### WHAT THE EXERCISE ASKS
Copy out the listing that follows, exact in every word, and skip the images.

### INFORMATION SUPPLIED
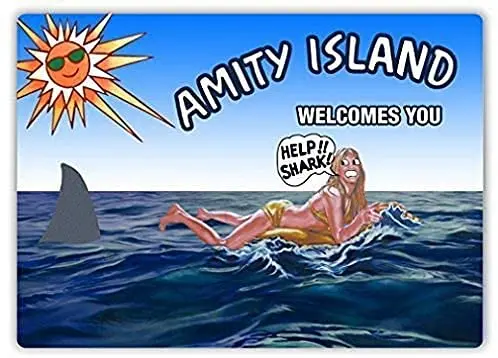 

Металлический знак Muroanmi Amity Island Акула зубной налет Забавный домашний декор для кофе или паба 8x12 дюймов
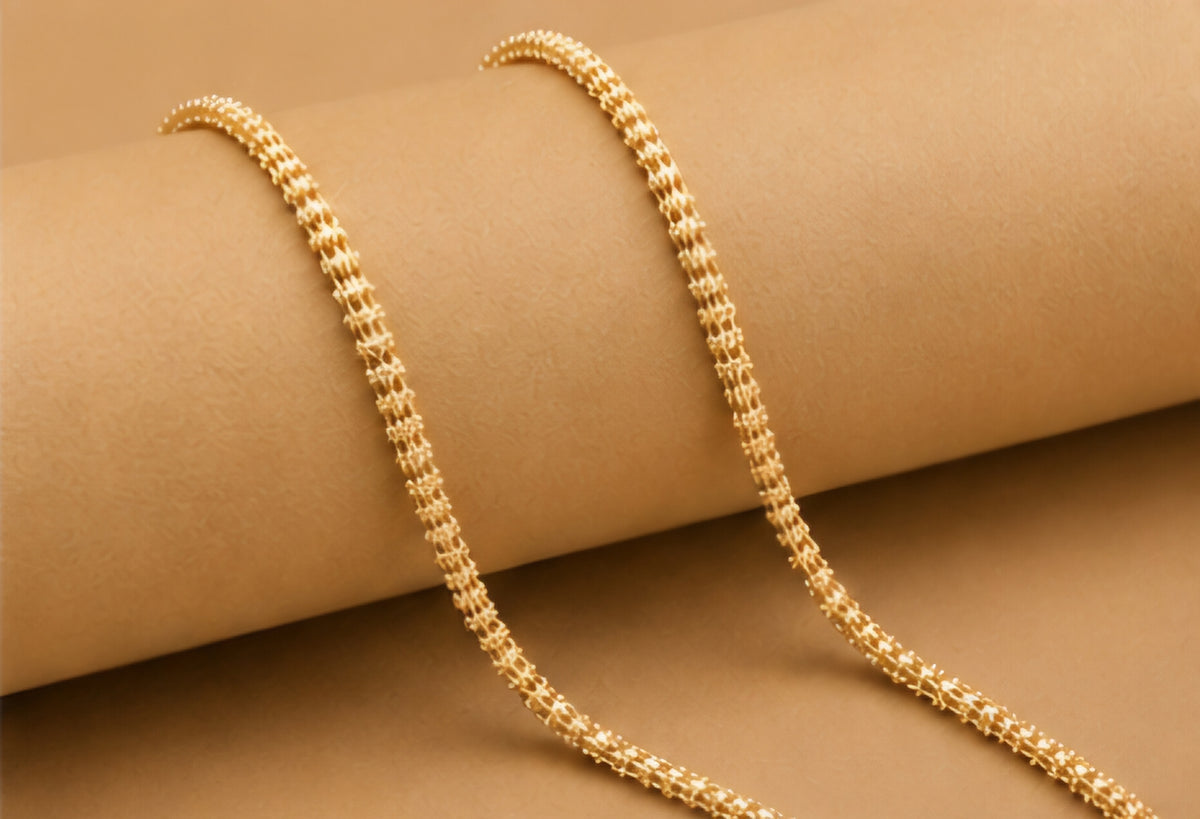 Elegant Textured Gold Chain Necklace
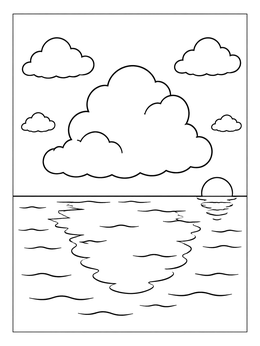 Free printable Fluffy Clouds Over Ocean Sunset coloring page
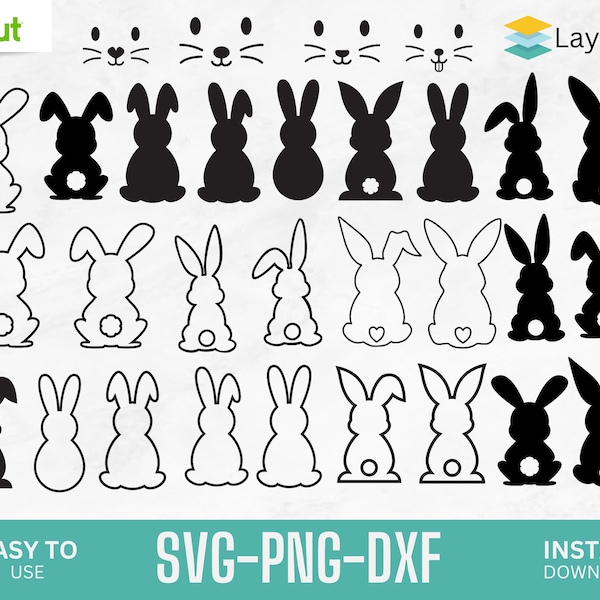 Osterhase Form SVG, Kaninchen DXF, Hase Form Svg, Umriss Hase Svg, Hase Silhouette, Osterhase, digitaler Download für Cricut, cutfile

### RESPONSE TO THE TASK
Металлический знак Muroanmi Amity Island Акула зубной налет Забавный домашний декор для кофе или паба 8x12 дюймов
 Elegant Textured Gold Chain Necklace
 Free printable Fluffy Clouds Over Ocean Sunset coloring page
 Osterhase Form SVG, Kaninchen DXF, Hase Form Svg, Umriss Hase Svg, Hase Silhouette, Osterhase, digitaler Download für Cricut, cutfile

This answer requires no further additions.